米国時間8月24日、エヌビディアの株価は2%を大きく超えて下落し、7営業日連続の値下がりとなりそうだ。同社は26日に決算発表を控えており、投資家の間に警戒感が広がっている。
株価は1日で2.2%超下落、7営業日で7%近くの下げ
東部夏時間24日午後1時頃の時点で、エヌビディアの株価は210ドルをわずかに下回り、この日だけで2.2%以上の下落となった。7日連続の落ち込みでその間の下落率は7%近くに達している。
メタなどAI大手が業績見通しを下回る中、8月26日にエヌビディア決算
エヌビディアは26日の取引終了後に第2四半期決算を発表する。7月に業績見通しを下回ったと発表したメタなど、他のAI大手の業績が予想に届かなかったこともあり、今回の決算には非常に大きな注目が集まっている。

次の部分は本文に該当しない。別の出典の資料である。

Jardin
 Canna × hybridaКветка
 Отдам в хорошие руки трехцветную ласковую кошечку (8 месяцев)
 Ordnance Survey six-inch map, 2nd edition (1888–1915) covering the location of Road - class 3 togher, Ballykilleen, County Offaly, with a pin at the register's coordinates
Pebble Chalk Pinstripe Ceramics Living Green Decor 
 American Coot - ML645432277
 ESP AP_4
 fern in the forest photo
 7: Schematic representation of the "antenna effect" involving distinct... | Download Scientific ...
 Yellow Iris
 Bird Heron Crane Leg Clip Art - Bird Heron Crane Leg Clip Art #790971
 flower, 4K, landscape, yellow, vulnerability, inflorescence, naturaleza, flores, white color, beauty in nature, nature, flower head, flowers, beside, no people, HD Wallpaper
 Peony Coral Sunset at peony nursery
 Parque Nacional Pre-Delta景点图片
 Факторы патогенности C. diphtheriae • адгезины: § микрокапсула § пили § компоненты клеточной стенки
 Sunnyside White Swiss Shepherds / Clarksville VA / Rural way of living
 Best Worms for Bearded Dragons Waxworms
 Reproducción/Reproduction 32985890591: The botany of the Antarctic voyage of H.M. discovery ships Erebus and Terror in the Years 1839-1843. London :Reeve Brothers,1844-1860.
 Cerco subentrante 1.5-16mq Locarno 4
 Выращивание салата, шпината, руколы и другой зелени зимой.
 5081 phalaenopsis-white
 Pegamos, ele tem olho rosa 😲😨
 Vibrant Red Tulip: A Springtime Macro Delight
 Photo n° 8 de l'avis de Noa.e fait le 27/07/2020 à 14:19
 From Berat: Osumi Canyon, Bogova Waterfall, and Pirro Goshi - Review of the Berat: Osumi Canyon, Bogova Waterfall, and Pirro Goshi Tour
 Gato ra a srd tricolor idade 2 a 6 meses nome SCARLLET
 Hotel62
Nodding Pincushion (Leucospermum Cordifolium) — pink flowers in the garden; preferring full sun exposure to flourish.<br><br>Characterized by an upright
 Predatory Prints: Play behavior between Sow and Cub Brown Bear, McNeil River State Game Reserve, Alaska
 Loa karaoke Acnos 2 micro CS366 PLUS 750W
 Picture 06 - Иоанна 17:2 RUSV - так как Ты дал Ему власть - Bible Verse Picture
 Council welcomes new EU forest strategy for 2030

先週末のブルームバーグの報道によれば、エヌビディアはメモリー価格の高騰を理由に、AI向け半導体を搭載したサーバーの価格を来年最大15%引き上げると大口顧客に伝えたとされる。
AMDやTSMCなども値を下げ、SOX指数は2.7%下落
他の半導体関連株も冴えない。24日にはAMD、TSMC、ブロードコムなどの株価が軒並み下落し、フィラデルフィア半導体株指数(SOX指数)も2.7%落ち込んだ。
顧客企業に出資する手法への批判、データセンター建設にも反発
エヌビディア株の不調の背景には、同社にとって最大の顧客でもあるOpenAIやアンソロピックといった企業に対して出資を行う「循環ファイナンス」を警戒する声や、AI技術の稼働に必要なデータセンターの拡張に対して政治的な反発が強まっていることなどがある。
ウォール街は依然として強気、目標株価350ドルとするアナリストも
時価総額約5兆ドル(約800兆円)のエヌビディアに対し、ウォール街の多くのアナリストは依然として強気な姿勢を崩していない。最近は不調が目立つが、年初来の騰落率で見れば依然としてプラス11%以上を維持している。マーケットウォッチが最初に報じたところによると、キャンター・フィッツジェラルドの少なくとも1人のアナリストは、24日付の調査ノートの中で同社の株価が再び急速に上昇し始めると予想した。このアナリストは目標株価を350ドルに設定しているが、これは24日の取引価格を約67%上回る水準だ。
フアンCEOの資産は約29兆円、1日で約6100億円減少
フォーブスの推計によると、世界の富豪ランキングで第8位の座を維持するジェンスン・フアンCEOの資産額は1817億ドル(約29兆700億円)だ。エヌビディア株の約3%を保有するフアンの資産額は、24日の株価急落に伴って約38億ドル(約6100億円)減少した。